You know, it tells you something about, I think, not only what liberals and people in the media think about Rush Limbaugh as a conservative, but about conservatives in general, that somehow underneath it all they're racist.

We hear now from a lot of supporters of Obama that those who disagree with Obama and criticize President Obama are racist. That is what it's based on. It's based on racism.

And so look, what has happened to Rush Limbaugh wouldn't have happened to anybody else. It wouldn't have happened to a liberal at all, the way he was immediately jumped on.

And these quotes attributed to him were believed by liberals that he would have said them, that he is pro slavery, that he wanted to give a medal of honor to the assassin of Martin Luther King, Jr. And they believe it.

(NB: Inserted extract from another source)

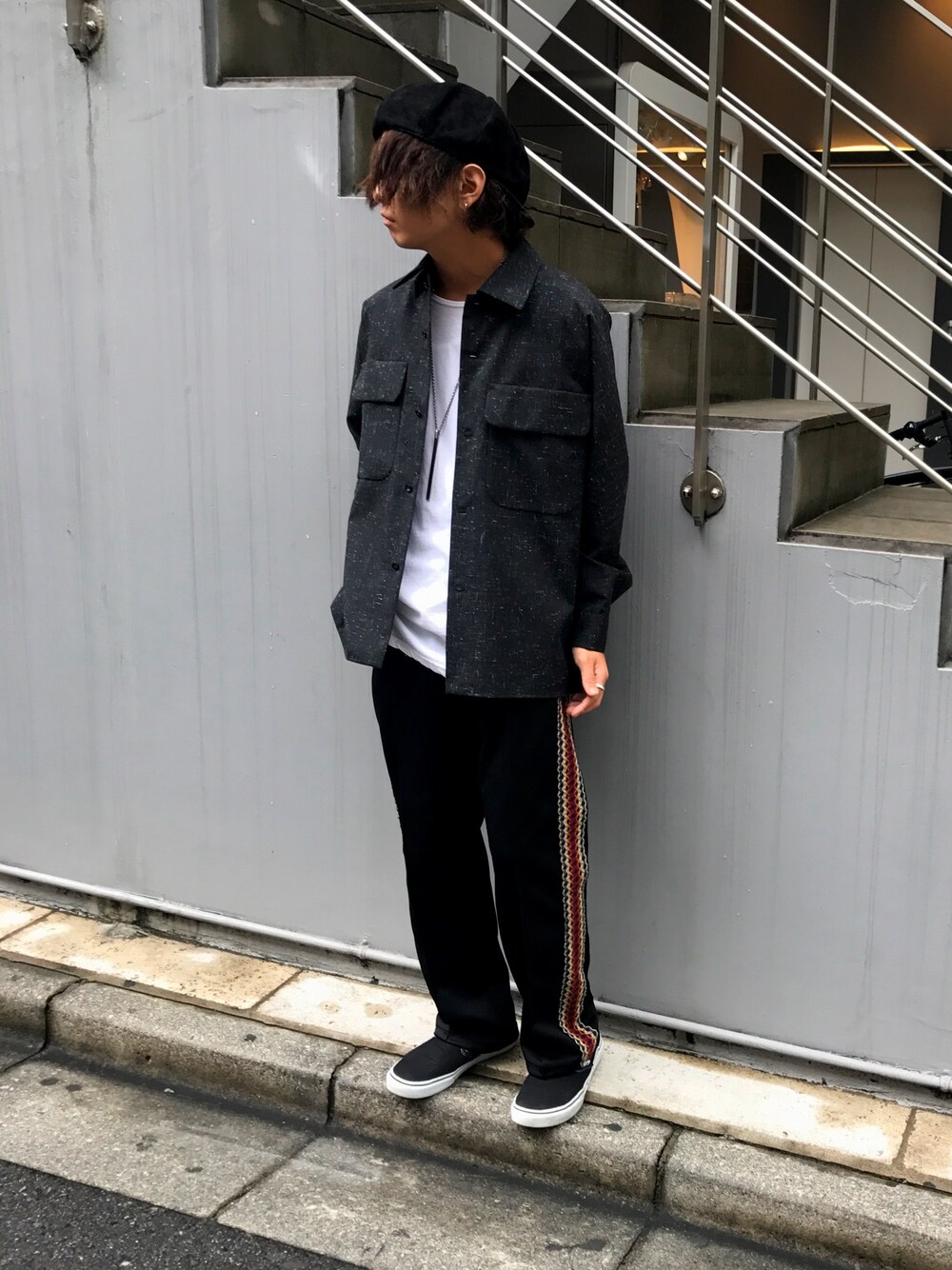 「エトセンス、B2nd、ootd、outfit、ビッグシルエット、トラックパンツ、ラインパンツ、キャスケット」｜「ETHOSENSのアイテム（シャツ/ブラウス、グレー系）」を使った、mitsuakiさん（メンズ・168cm）の秋コーディネートの1枚目の写真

It really does show what they think of Limbaugh and conservatives, too.

BAIER: John Huberman's 2006 book "101 people who are really screwing up America," the quote or attribution cites, the book cites, Media Matters, a liberal media watchdog group, as the source. Media Matters said to Fox today that they had never posted them and are not sure where they came from. What about all of this, Mara?

KONDRAKE: Look, if you repeat a quote, you should check and make sure it is accurate. It is just about as simple as that. I think there is no excuse for putting stuff on the air that you have no idea where it came from just because you read it in a book, especially book that has no source or citation for it.

And especially because it is Rush Limbaugh, there should even always be tape. You could have probably gone and looked for the audio.

That being said, him being dropped from the NFL group trying to buy that team, I consider is private business matter. If they thought he was too controversial and was going to hurt their chances, that's up to them.

And the controversy, the other thing — I'm not a sports fan. I don't follow football. But the one thing I did learn from doing my research today is that the quarterback, Donovan McNabb, that he disparaged turned out to be a pretty good quarterback.

BAIER: When Limbaugh was an ESPN commentator he called McNabb "mediocre and overrated."

LIASSON: And so the media was trying to pump him up because they wanted an African-American quarterback to succeed, and it turns out he actually succeeded.

BAIER: The media were desirous that a black quarterback do well, Limbaugh said. He later apologized for those remarks what.

Charles, what do you make of this?

KRAUTHAMMER: Which proves Limbaugh isn't a great analyst of talent, but that doesn't make him a racist.

Look, he has been libeled. These accusations, which are truly outrageous, without a basis, broadcast on CNN and Rick Sanchez has apparently not apologized or even withdrawn. He sidestepped and said, well, there are other accusations. That's disgraceful.

And the comment he made about McNabb I don't think makes him any more racist than the comment Larry Summers made about women in the sciences made him a sexist.

And is this all you can pin on Limbaugh who has been on the air three hours a day for 20 years? The total number of words there has to exceed the Bible and Shakespeare combined, and all you got on him is the Donovan McNabb? I think this clearly is a case where a club, the NFL has decided, it does not want an outspoken conservative, and you can't say that. It's obviously about ideologies, so you blame it on racism, which is a false accusation, and I think they ought to apologize to him.

He doesn't have a right to own an NFL team. It's not a legal case, and they can say no. It's a private club. But it's the wrong thing to do.